This morning, I woke up to a Facebook post made by Artsakh Ombudsman (Human Rights Defender) Ruben Melikyan, congratulating me and other fellow journalists on the occasion of World Press Freedom Day—a UN-designated day meant to raise awareness of the importance of freedom of the press and remind governments of their responsibility to respect and defend the right to freedom of expression outlined in the Universal Declaration of Human Rights.
“Freedom of expression and press freedom are the two fundamental pillars, which set healthy societies apart from unhealthy ones,” a part of the congratulatory post read, roughly translated.
The Ombudsman’s message came on the same day Amnesty International condemned Turkey’s ongoing crackdown on freedom of expression, and its continued campaign of sweeping arrests and detainment of more than 120 journalists throughout the country.

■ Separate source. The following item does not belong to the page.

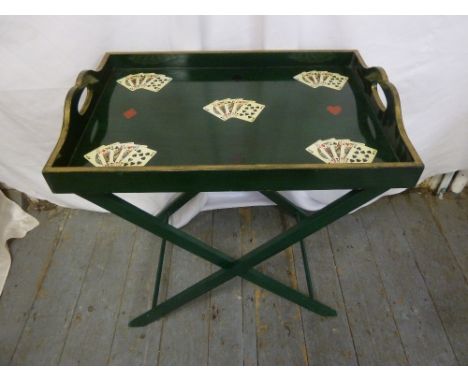 A rectangular lacquered tray on stand decorated with playing cards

“Since the failed coup attempt in July 2016, at least 156 media outlets have been shut down and an estimated 2,500 journalists and other media workers have lost their jobs. Journalists have been arrested and charged with terrorism offences as a result of posts they have shared on Twitter, cartoons they have drawn, or opinions they expressed. This is taking place within the context of a wider crackdown against perceived government critics which has seen 47,000 people remanded in prison and more than 100,000 public sector employees summarily dismissed,” read a part of the statement released by the human rights organization.
Just four days ago, on April 29, access to the free online encyclopedia Wikipedia was blocked by the country. Turkey’s Ministry of Transport, Maritime Affairs and Communications, announced that the site was blocked for becoming an information source “acting with groups conducting a smear campaign against Turkey in the international arena.”

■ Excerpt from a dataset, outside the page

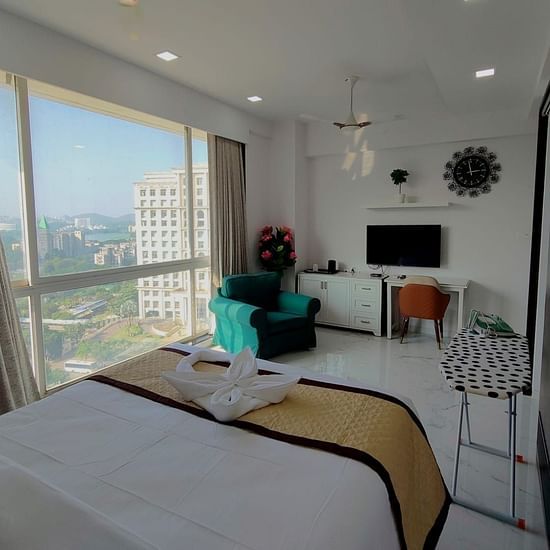 suite room at Maxxvalue Hotel, Chitranjan Tower, Powai with pristine white lines and wide windows offering city view and other room amenities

This was just the latest example of Turkey’s unrelenting suppression on free expression and free speech.
In nearby Azerbaijan—whose government continues to fire on Armenian soldiers and civilians in the country from which the Ombudsman congratulated us—the tradition of media mistreatment is just as grim. Baku’s dangerous sensitivity to any and all criticism not only continues to persist, but seems to get progressively worse year after year (think Alexander Lapshin).
According to the latest World Press Freedom Index published by Reporters Without Borders, Azerbaijan is ranked 162nd, while Turkey is ranked 155th out of 180 nations. Armenia—though far from perfect—sits at 79 on the index, which ranks the level of freedom available to journalists in each country.

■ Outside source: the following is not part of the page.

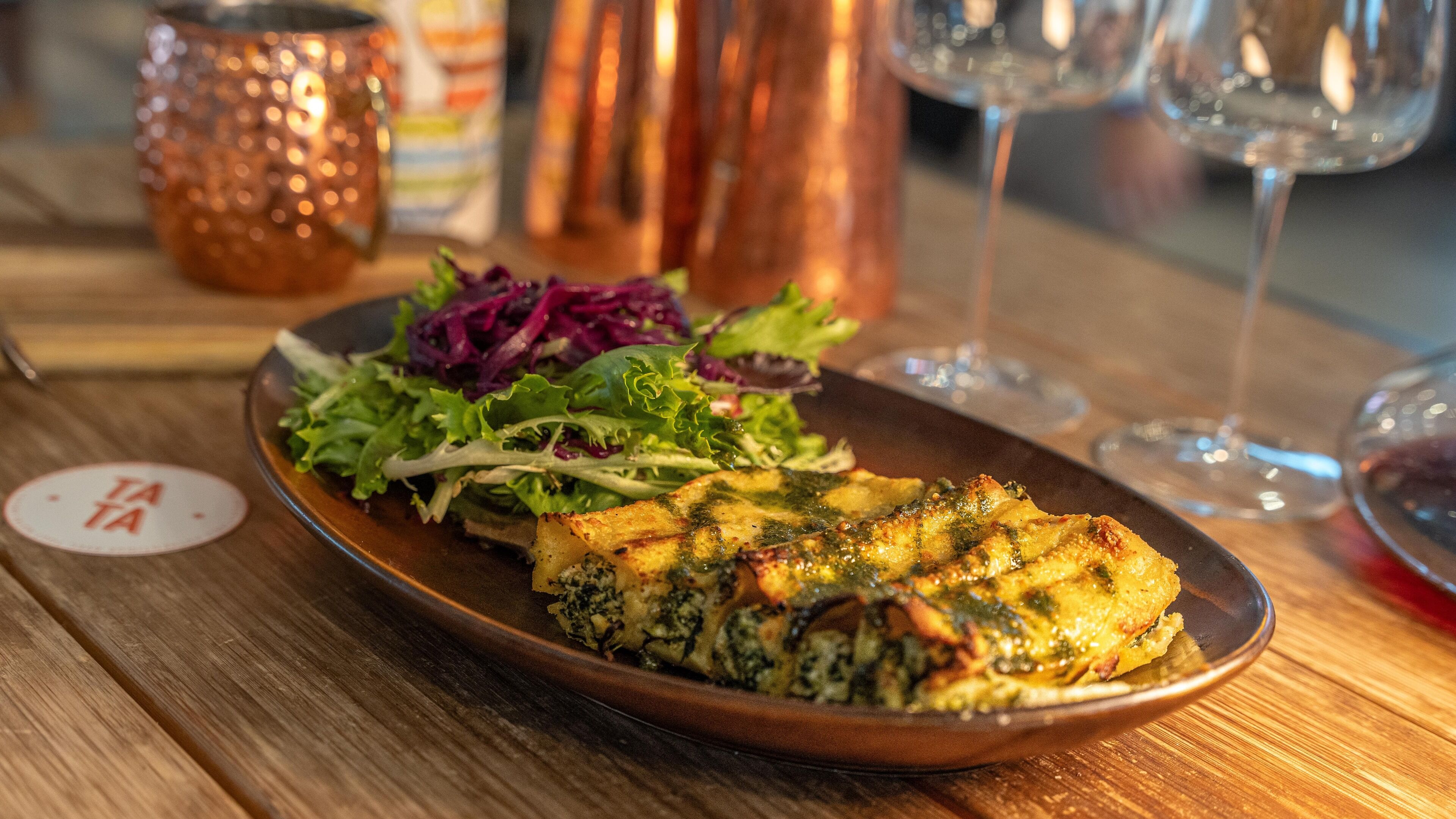 A plate of food with a salad and a glass of red wine on a wooden table.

Under the tag-team dictatorship of President Ilham Aliyev and his Vice President wife Mehriban Aliyeva—who continue to extend their power and increase their vast personal wealth—freedoms of expression, assembly, and association have not only deteriorated, they have practically become extinct within the country.
Instead of making threats that it will one day “reclaim” Artsakh, the Aliyev regime should perhaps take a few lessons on good governance from the small, unrecognized, but highly democratic state, which fosters and upholds the very same freedoms Azerbaijan and Turkey so vehemently deny its own citizens.
Amnesty International’s motto is “It is better to light a candle than to curse the darkness.” On this World Press Freedom Day, it is clear that Artsakh continues to be a beacon of light in an otherwise dark region.